# CD-ROM/DVD Disk drive will not work on my Packard Bell Easynote Laptop MX-37-S-200‏



## PleaseHelpp (Feb 20, 2011)

*CD-ROM/DVD Disk drive will not work on my Packard Bell Easynote Laptop MX-37-S-200‏*

:4-dontkno I'm having a problem with my CD-ROM/DVD Disk drive on my Packard Bell, Easynote Laptop MX-37-S-200, My laptop cannot recognise it at all as it is not displaying as a drive or is it present in device manager, 

when I insert a disc it tries to load but my media player will not respond to it at all, I have tried the registry fix for it ie. deleting lower filters etc, it may also be a driver issue, do you know of an appropriate driver for my Disk Drive spec?

I have exhausted many approaches to dealing with this problem, can you please help it would be much appreciated and thanks for you're time.

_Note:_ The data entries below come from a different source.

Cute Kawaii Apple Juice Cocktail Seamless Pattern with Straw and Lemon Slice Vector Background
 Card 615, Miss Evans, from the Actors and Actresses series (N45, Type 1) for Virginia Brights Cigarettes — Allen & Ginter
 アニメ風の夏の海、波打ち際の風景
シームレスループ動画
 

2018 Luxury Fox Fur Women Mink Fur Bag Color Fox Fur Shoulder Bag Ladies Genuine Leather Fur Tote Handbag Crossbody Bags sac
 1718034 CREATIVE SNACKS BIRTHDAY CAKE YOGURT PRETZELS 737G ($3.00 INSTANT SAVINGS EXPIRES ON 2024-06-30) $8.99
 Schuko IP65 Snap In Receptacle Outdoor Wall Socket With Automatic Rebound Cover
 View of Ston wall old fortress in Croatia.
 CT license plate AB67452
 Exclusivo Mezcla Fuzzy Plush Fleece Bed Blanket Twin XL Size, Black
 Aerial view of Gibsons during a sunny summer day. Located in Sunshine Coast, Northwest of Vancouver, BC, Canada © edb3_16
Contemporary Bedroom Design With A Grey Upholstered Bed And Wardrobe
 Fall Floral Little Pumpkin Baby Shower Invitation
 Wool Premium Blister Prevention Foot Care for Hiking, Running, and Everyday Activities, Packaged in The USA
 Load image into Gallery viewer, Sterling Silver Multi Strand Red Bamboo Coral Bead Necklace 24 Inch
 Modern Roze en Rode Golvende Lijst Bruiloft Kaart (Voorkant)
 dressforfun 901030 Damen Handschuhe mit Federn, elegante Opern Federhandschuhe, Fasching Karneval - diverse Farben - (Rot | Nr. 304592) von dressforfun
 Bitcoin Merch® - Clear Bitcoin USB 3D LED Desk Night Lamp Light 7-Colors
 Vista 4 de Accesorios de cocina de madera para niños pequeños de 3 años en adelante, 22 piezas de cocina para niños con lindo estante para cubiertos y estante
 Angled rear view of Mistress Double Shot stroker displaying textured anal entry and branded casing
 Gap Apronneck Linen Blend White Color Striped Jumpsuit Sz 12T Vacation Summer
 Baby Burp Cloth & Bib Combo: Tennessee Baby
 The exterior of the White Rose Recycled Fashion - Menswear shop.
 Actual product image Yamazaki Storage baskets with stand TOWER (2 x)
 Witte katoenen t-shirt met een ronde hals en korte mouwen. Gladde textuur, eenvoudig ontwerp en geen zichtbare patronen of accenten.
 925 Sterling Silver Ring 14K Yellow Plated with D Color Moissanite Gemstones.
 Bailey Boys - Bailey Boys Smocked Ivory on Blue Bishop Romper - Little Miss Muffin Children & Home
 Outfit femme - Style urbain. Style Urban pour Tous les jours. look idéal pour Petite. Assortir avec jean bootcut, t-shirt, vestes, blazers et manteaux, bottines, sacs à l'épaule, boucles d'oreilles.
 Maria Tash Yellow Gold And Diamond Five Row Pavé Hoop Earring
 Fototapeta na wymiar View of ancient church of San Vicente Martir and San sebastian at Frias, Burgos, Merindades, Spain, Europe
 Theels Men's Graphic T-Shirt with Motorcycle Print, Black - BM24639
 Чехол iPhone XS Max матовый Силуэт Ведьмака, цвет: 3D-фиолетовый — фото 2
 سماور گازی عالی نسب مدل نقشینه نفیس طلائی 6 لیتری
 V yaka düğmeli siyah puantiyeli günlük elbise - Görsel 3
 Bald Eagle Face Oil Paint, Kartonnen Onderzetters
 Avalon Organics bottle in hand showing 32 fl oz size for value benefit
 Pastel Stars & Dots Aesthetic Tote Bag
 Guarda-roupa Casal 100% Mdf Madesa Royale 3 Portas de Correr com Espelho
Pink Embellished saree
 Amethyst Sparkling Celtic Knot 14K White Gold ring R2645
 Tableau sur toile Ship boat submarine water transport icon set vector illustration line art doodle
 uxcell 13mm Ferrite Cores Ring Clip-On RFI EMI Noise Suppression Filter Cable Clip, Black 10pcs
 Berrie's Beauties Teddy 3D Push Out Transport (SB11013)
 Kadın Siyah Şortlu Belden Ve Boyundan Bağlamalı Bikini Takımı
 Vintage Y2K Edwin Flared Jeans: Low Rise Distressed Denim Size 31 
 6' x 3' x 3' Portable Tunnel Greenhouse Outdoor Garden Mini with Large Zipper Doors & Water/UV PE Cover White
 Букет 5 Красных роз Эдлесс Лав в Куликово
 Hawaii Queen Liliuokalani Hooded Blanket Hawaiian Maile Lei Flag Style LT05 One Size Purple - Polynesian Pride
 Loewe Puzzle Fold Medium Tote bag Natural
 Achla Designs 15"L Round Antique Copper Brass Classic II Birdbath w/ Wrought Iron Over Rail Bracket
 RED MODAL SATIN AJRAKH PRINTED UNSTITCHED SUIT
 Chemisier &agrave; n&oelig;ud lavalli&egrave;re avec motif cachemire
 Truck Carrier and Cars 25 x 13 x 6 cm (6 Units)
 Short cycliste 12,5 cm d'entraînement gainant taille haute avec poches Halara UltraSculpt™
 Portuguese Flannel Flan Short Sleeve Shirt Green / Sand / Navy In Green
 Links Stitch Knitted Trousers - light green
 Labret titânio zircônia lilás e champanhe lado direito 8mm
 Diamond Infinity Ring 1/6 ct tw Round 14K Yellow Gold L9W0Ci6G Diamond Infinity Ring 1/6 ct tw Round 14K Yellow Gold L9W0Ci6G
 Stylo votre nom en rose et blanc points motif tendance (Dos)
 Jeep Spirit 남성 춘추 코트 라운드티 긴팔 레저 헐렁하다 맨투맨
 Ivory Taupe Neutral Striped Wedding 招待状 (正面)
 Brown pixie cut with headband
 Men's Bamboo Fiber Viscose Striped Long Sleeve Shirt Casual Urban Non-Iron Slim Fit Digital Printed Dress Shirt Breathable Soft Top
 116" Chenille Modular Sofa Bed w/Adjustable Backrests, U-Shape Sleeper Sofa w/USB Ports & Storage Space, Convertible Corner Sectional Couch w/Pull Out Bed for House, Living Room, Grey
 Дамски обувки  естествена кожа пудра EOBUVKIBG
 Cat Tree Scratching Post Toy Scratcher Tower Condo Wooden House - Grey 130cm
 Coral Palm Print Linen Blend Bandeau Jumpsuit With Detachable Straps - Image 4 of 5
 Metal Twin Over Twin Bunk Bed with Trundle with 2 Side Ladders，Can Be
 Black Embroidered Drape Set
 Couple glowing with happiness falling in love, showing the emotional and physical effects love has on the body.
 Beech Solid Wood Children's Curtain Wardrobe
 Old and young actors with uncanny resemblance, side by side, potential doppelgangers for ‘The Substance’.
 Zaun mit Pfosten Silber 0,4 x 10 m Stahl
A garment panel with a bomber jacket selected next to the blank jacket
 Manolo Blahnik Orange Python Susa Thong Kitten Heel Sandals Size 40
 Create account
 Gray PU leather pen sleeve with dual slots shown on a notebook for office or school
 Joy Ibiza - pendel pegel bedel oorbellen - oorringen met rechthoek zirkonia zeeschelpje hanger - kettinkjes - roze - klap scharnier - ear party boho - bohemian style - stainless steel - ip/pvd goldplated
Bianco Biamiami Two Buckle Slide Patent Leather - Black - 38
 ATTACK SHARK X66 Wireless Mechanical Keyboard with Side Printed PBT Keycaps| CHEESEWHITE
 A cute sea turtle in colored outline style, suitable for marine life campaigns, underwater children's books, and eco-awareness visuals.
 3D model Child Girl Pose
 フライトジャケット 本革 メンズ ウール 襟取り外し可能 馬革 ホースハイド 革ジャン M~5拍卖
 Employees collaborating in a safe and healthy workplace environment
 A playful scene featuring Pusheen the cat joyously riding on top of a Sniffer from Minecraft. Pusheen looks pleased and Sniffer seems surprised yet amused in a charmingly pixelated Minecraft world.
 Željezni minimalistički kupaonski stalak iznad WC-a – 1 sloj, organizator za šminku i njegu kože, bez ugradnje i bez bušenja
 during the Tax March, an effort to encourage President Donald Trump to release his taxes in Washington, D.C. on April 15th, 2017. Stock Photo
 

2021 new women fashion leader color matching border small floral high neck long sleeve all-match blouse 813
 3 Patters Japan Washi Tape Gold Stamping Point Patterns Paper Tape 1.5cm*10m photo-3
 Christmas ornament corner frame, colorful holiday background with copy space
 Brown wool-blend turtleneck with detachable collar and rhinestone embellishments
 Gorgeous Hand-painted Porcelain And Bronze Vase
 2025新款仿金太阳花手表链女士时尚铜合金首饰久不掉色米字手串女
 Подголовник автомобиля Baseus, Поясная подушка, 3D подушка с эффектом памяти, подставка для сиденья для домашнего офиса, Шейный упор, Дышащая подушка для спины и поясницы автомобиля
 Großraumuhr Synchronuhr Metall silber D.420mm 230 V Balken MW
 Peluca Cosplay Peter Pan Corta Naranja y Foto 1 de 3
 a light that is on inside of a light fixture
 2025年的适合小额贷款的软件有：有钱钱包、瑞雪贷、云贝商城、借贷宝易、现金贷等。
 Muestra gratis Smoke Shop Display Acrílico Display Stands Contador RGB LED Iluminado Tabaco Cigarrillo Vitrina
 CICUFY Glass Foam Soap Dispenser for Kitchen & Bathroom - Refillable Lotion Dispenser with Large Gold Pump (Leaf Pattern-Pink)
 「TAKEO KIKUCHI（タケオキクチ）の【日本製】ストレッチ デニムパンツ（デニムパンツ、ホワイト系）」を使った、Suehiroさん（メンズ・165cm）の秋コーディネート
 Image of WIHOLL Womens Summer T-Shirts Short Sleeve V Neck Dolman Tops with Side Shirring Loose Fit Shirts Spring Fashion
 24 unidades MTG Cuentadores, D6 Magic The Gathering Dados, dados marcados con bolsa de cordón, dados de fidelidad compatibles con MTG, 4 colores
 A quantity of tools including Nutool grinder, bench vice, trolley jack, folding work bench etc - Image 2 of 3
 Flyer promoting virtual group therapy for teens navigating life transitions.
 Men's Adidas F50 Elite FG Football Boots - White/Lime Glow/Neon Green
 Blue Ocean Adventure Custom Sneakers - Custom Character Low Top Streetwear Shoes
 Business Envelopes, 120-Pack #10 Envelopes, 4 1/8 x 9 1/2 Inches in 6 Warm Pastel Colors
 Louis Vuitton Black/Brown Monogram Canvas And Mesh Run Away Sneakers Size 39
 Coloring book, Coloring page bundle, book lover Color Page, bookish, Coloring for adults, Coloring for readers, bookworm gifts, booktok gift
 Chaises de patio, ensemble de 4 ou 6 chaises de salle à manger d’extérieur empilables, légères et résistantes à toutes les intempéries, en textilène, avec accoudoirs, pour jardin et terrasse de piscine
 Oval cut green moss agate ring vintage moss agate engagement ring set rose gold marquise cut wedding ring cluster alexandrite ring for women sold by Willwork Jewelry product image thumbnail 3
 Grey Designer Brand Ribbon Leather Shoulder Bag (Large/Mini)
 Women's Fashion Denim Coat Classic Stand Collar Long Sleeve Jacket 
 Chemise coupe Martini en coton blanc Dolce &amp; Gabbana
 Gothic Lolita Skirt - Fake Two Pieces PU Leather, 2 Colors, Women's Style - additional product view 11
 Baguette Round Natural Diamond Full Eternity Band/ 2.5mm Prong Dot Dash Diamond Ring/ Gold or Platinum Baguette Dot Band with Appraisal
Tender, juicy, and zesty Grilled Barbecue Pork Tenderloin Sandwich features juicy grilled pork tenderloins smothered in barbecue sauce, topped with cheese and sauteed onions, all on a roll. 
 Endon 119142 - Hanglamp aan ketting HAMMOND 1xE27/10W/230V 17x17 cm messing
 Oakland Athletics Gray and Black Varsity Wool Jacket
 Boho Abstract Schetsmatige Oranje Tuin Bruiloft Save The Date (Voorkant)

I feel my disk drive disappeared durning a Vista update


----------



## joeten (Dec 4, 2008)

Hi check it is recognised in the bios


----------



## spunk.funk (May 13, 2010)

Try this: Your CD drive or DVD drive is missing or is not recognized by Windows or other programs your drive may have failed also. check in Setup (Bios) if it is being recognized.


----------



## PleaseHelpp (Feb 20, 2011)

Thanks Spunk.funk & Joeten, I checked Bios during boot process and my cd/dvd rom drive is showing as my Huawei Usb Modem. I have a 3g dongle which has taken the location of where my cd/dvd drive should be. Before a vista update I could play dvds and use internet. I've had the dongle for over a year in the same Usb port and never had this problem before. Thank you again for your time and any suggestions would be greatly appreciated.


----------



## joeten (Dec 4, 2008)

Hi did you try the suggestion in post 3


----------



## spunk.funk (May 13, 2010)

PleaseHelpp said:


> my cd/dvd rom drive is showing as my Huawei Usb Modem. I have a 3g dongle which has taken the location of where my cd/dvd drive should be.


Are you saying that your CD Rom drive is a USB CD Drive, and now it is unplugged and been replaced by a 3G dongle???


----------